As for the safety of in-person voting, the U.S. Centers for Disease Control (CDC) found “no clear increase” in COVID-19 infection after Wisconsin’s April 7 primary elections, which were held in-person and on schedule over the objections of state Democrats.

“No clear increase in cases, hospitalizations, or deaths was observed after the election, suggesting possible benefit of the mitigation strategies, which limited in-person voting and aimed to ensure safety of the polling sites open on election day,” the report determined. “These data provide preliminary evidence that CDC’s interim guidance for ensuring various voting options, encouraging physical distancing, personal prevention practices, and employing environmental cleaning and disinfection lower COVID-19 transmission risk during elections.”

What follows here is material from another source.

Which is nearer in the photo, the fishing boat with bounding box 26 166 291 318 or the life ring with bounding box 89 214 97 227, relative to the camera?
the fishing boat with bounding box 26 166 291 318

The Wisconsin State Journal noted that a “total of 71 people got COVID-19 after voting in person or working at the polls during the April 7 election, but it’s not clear how many of the infections may have been caused by the spring election because many of the people had other exposures, according to the state health department.”

In Washington D.C., Republicans and Democrats are currently fighting over how much funding for the U.S. Postal Service (USPS) to include in the next coronavirus stimulus package. The USPS recently warned 46 states as well as the nation’s capital that it cannot guarantee all of their mail-in ballots will be delivered in time to be counted in the election.